- **Given information**
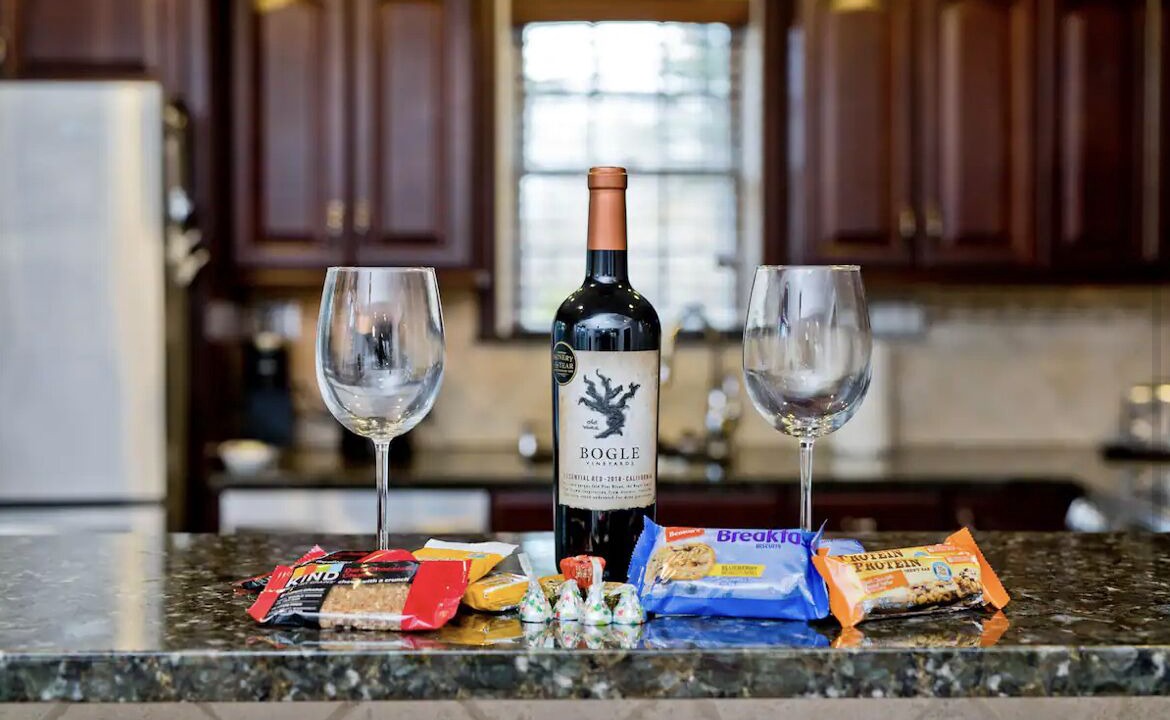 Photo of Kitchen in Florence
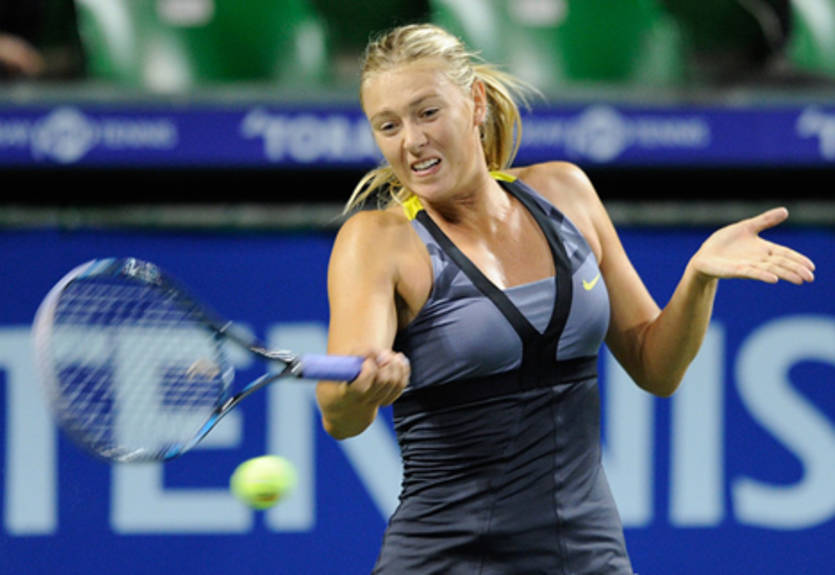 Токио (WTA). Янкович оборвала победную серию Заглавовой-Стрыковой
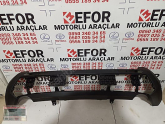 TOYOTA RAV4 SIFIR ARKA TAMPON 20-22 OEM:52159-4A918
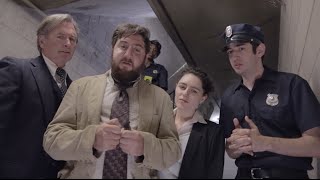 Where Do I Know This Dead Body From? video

- **Work instruction**
Your reply should consist of the data, transcribed exactly, and should hold no pictures.

- **Finished exercise**
 Photo of Kitchen in Florence
 Токио (WTA). Янкович оборвала победную серию Заглавовой-Стрыковой
 TOYOTA RAV4 SIFIR ARKA TAMPON 20-22 OEM:52159-4A918
 Where Do I Know This Dead Body From? video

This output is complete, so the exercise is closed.